There is a building in northern San Francisco that looks like a cousin to the Acropolis in Greece. It used to be a Christian Science church.
Now, however, it houses 26 petabytes of digital information in a forest of blinking, heat-generating servers. Welcome to the Internet Archive headquarters.
“The Internet Archive is part of the vision to build the Library of Alexandria, version 2,” says digital librarian Brewster Kahle. “We hit the record button on the World Wide Web in 1996. We take a snapshot of every web site and every web page on every website.”
The archive doesn’t just collect digital information. They also archive old video games, film and hardware. And they get a lot of traffic. Between two and three million users upload or download something from the archive every day.
“What we want is the wackiness and the wildness of all the people participating in the big conversation that is the Internet,” Kahle says.
The Internet Archive collects web pages at about one billion pages per week. Currently the collection consists of some 450 billion web objects.
“Which is just freaking huge,” Kahle says, “The Library of Congress's number of books is 28 million. We collect that in about, oh I don't know, six hours.”
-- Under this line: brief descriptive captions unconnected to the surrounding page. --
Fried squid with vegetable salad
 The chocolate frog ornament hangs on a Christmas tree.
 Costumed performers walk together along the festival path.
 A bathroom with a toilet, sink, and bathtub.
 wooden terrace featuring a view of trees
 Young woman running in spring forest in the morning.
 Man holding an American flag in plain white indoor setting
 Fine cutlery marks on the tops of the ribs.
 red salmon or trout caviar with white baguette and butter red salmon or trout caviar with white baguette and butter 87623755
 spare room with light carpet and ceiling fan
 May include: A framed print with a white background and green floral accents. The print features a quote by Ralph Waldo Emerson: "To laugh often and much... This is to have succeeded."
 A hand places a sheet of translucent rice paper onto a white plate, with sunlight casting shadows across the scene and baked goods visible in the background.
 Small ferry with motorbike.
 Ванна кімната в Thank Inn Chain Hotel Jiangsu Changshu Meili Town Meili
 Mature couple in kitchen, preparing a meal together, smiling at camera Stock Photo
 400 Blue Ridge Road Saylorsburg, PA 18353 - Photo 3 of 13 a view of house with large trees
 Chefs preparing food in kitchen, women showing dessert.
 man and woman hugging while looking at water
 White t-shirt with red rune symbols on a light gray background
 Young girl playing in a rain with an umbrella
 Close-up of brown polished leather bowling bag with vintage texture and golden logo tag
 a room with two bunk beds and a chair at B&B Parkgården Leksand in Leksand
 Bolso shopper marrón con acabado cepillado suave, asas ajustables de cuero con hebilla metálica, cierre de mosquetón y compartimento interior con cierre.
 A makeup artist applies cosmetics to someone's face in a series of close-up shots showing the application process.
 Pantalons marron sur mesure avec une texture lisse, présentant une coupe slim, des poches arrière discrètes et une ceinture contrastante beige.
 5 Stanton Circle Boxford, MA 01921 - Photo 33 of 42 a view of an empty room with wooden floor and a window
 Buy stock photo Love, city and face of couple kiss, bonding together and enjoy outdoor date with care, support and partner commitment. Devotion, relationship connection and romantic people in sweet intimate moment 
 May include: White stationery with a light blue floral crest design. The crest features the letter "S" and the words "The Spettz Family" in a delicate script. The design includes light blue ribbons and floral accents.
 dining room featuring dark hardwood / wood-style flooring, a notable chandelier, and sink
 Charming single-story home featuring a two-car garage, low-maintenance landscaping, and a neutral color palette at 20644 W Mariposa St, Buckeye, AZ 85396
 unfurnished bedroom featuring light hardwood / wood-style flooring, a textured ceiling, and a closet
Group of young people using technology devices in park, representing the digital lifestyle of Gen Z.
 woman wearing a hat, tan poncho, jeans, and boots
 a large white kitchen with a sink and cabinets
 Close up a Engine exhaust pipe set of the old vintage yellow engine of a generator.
The Internet Archive is unable to access all of the web, however. Information on Facebook and Twitter is closed to the public, and difficult for the archive to get.
“You have to understand these are privately owned information assets,” says historian Abby Smith Rumsey. “People don't think of things that they put on Facebook or Twitter as belonging to somebody else because they come from us. But in fact they don't have ultimate control over this. ... We need more organizations that control information like Twitter, Apple, Google, to actually develop partnerships with public institutions, like the Internet Archive or the Library of Congress, so that they can be archived and made available to the public for the long term.”
The Internet Archive’s work involves not only collecting information, but figuring out new ways to store it, and constantly updating it to keep it available in relevant formats.
“We have to be out there all the time not only gathering the stuff, but keeping it in formats and keeping it relevant,” Kahle says.